Segment Start: Supplied information

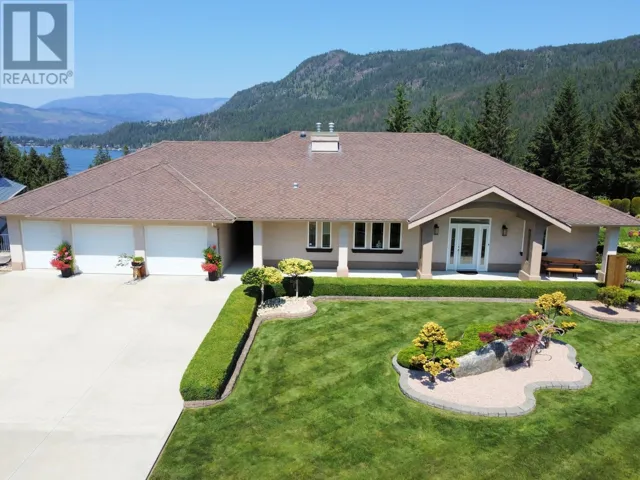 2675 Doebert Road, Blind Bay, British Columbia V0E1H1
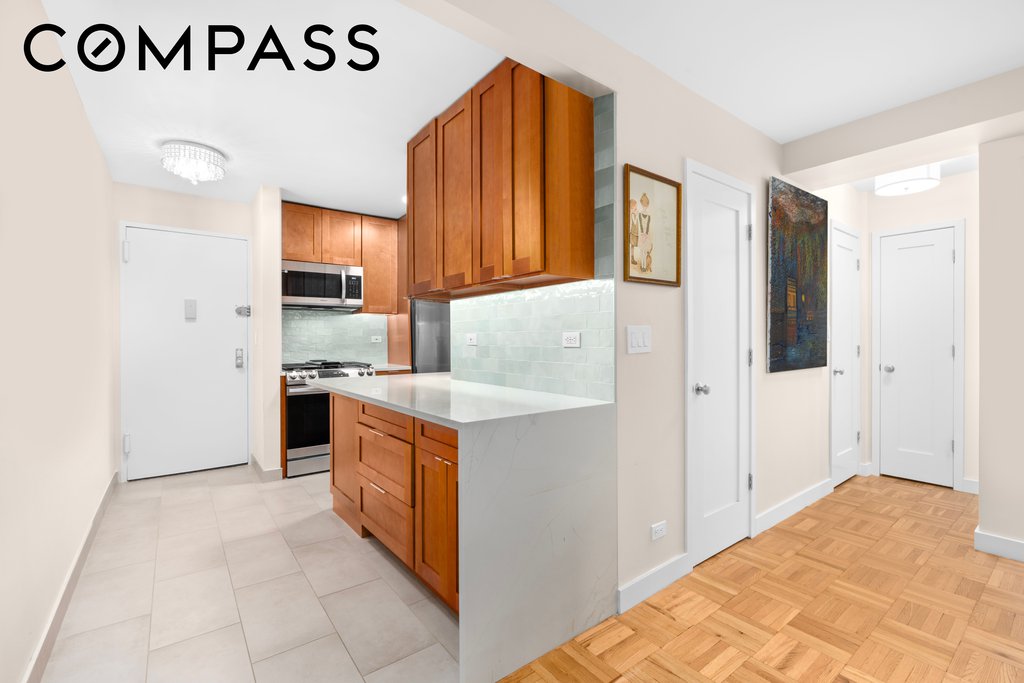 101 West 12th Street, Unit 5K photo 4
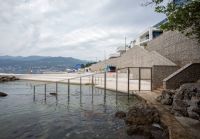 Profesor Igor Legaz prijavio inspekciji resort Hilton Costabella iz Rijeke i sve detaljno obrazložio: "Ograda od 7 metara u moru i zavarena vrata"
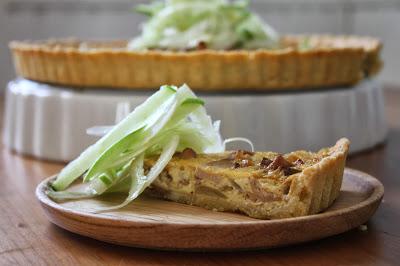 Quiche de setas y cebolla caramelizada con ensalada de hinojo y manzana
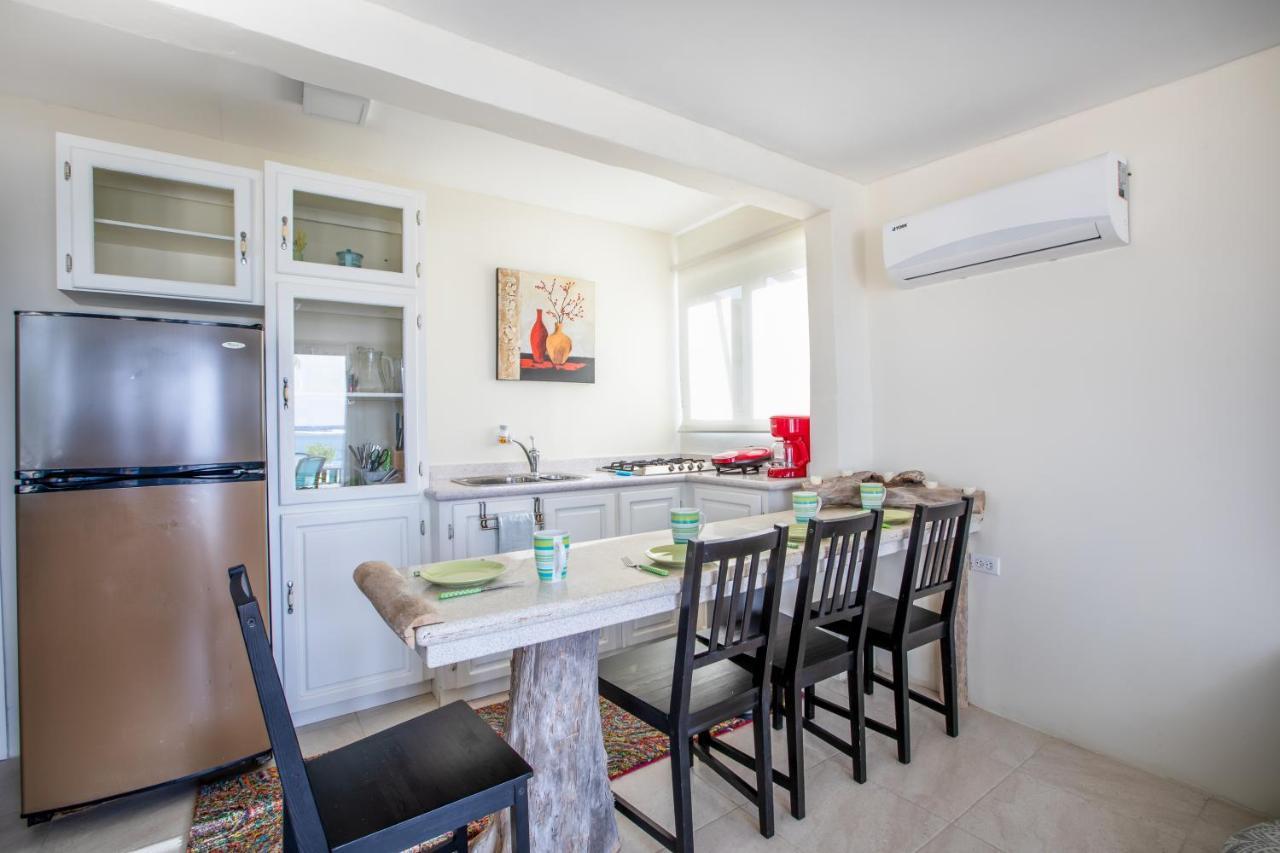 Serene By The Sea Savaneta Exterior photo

Segment End: Supplied information
Segment Start: Supplied information

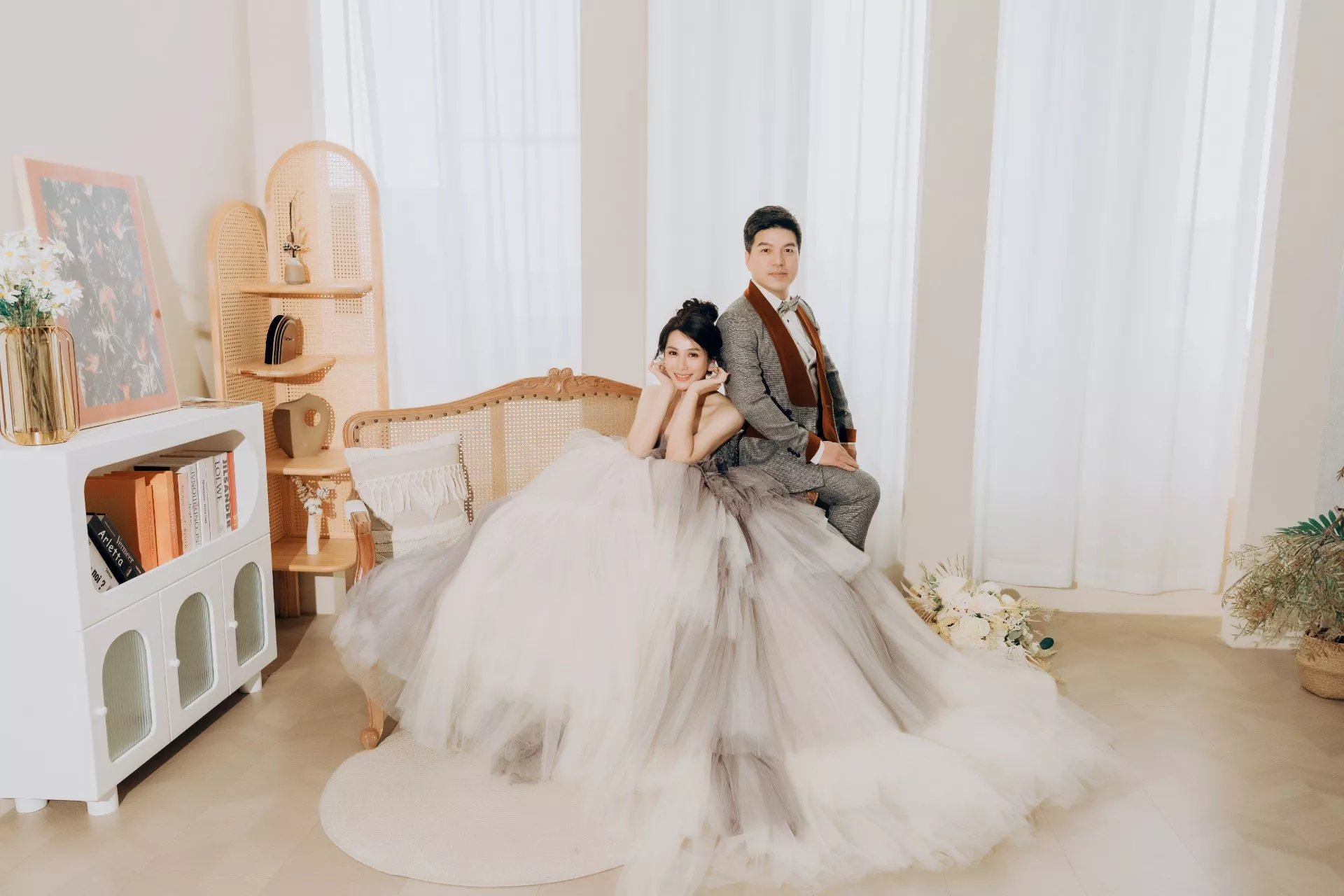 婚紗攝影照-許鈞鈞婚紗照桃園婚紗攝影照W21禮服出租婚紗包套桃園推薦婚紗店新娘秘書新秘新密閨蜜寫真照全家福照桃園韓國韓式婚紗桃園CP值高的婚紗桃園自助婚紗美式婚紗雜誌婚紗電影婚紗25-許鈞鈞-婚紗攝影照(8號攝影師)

Segment End: Supplied information
Segment Start: Supplied information

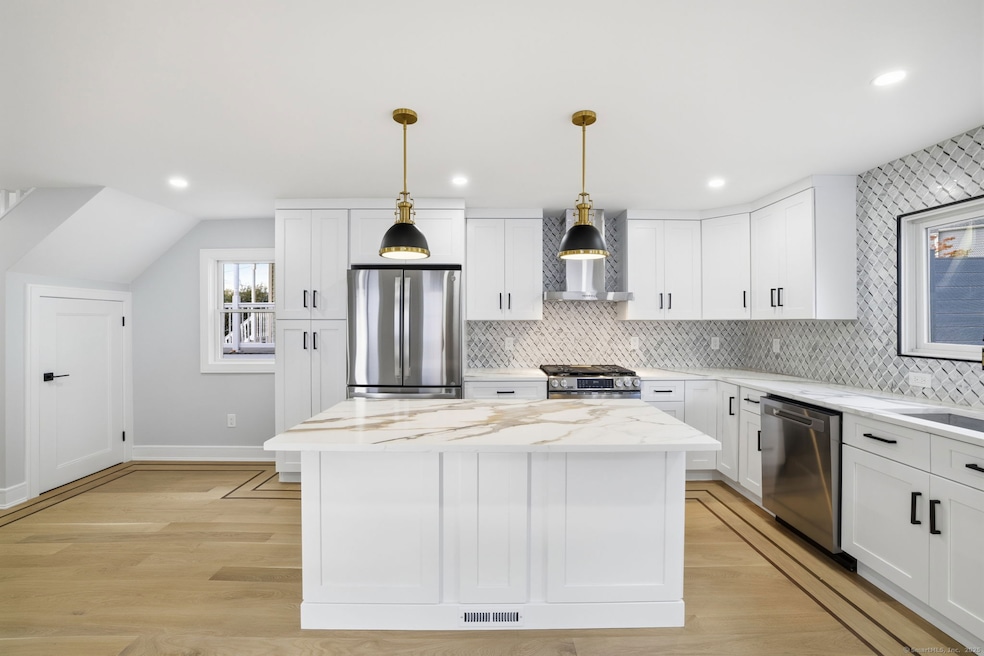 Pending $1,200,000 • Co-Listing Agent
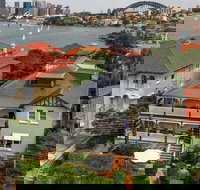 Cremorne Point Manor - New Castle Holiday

Segment End: Supplied information

- What is needed -
Could the stretch from the line with "101 West 12th Street, Unit 5K photo 4" through the line with "Serene By The Sea Savaneta Exterior photo" in the listing above be restated word for word, minus the pictures?

- Response -
 101 West 12th Street, Unit 5K photo 4
 Profesor Igor Legaz prijavio inspekciji resort Hilton Costabella iz Rijeke i sve detaljno obrazložio: "Ograda od 7 metara u moru i zavarena vrata"
 Quiche de setas y cebolla caramelizada con ensalada de hinojo y manzana
 Serene By The Sea Savaneta Exterior photo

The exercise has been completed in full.